Nutrition research is big money these days. Our national obsession with weight loss is at a fever pitch, and any new or interesting research is sure to make headlines.
Like, oh say this recent study Maxed Out Mama referred me to on how people who eat more chocolate tend to be thinner. Only a partial abstract is available free, but here it is.
Here’s some basic guidelines on what to look for in nutritional research (any study, not just this one):
- Was the data self reported? Even CNN brought this up in their article. People, especially those embarrassed about their weight, don’t accurately assess what they eat. My mother, skinny little thing that she is, could eat one peppermint patty and tell you she’d had a serving of chocolate. I don’t think I’d even count it until I had 3 or so.
- How much was “more”? I actually can’t find this for this study. Is it the difference between 1 and 2 servings per week? Or the difference between 1 and 5? Both would produce statistically significant correlations, but the practical outcome would be different. In 2005, researchers made news by saying that eating more fruits and veggies did not, in fact, prevent cancer. The cancer treating establishment (which I work in, btw) promptly responded by pointing out that they compared people who ate half a fruit per day to those who at 1-2 fruits per day. It was all reported in grams too, so the data look extra impressive “Those eating less than 114 grams showed no difference from those eating 367 grams”. The link gives more examples, but 250 grams is one medium apple. Watch out for this.
- Who classified people as “normal weight” or “overweight”? If this was also self reported (and in this study, it looks like there were clinic visits), then look out. There’s a great study I can’t find right now that shows that women tend to lie about weight, and men tend to lie about height. Both lies will screw up the BMI calculation (the most common metric for assessing “normal”).

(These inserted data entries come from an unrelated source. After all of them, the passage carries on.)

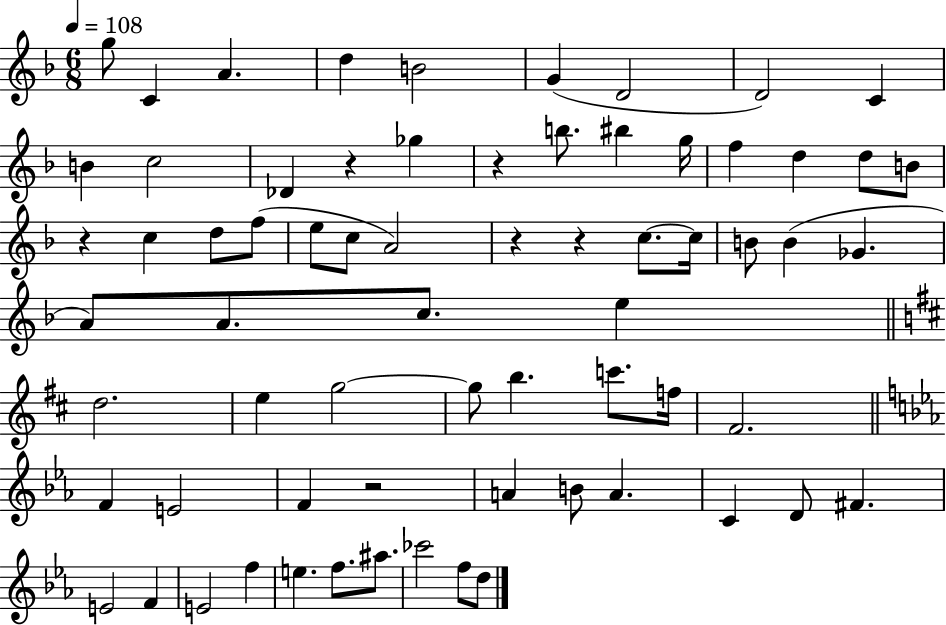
{
  \clef treble
  \numericTimeSignature
  \time 6/8
  \key f \major
  \tempo 4 = 108
  g''8 c'4 a'4. | d''4 b'2 | g'4( d'2 | d'2) c'4 | \break b'4 c''2 | des'4 r4 ges''4 | r4 b''8. bis''4 g''16 | f''4 d''4 d''8 b'8 | \break r4 c''4 d''8 f''8( | e''8 c''8 a'2) | r4 r4 c''8.~~ c''16 | b'8 b'4( ges'4. | \break a'8) a'8. c''8. e''4 | \bar "||" \break \key b \minor d''2. | e''4 g''2~~ | g''8 b''4. c'''8. f''16 | fis'2. | \break \bar "||" \break \key c \minor f'4 e'2 | f'4 r2 | a'4 b'8 a'4. | c'4 d'8 fis'4. | \break e'2 f'4 | e'2 f''4 | e''4. f''8. ais''8. | ces'''2 f''8 d''8 | \break \bar "|."
}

- Were the overweight people actively (or even somewhat) trying to modify their diets to lose weight? A few years ago, I heard about the study that suggested diet soda was linked to obesity. I remember my first reaction was “are we sure they’re all not just on diets?”. This seemed like a classic correlation/causation issue. All the analysis seemed to presume they were overweight because they drank diet soda. I wondered why they never seemed to look at the idea that they could be drinking diet soda because they were overweight. That’s one of the first swaps most people I know make when they try to lose weight.
- Don’t even get me started if it’s a population study. That’s a big topic for another time, but lets just say they’re really really tricky.
If you ever want a fabulous crash course in how nutrition research can be skewed, pick up two diet books that contradict each other, and read through their parts on research. Take something like Atkins (high protein, low carb) and Joel Fuhrman (nearly vegan), and watch them rip to shreds the research the other one builds their whole case on.
He may have his own controversy, but this is why I like Michael Pollan. The book I linked to has a great crash course in why most nutritional research just sees what it wants to. He refused to take a strict nutritional stance and instead condensed it down to a few “rules” that he gleaned from quizzing nutritionists on “what they could say for sure”. The answer? Eat real food, not too much, mostly plants.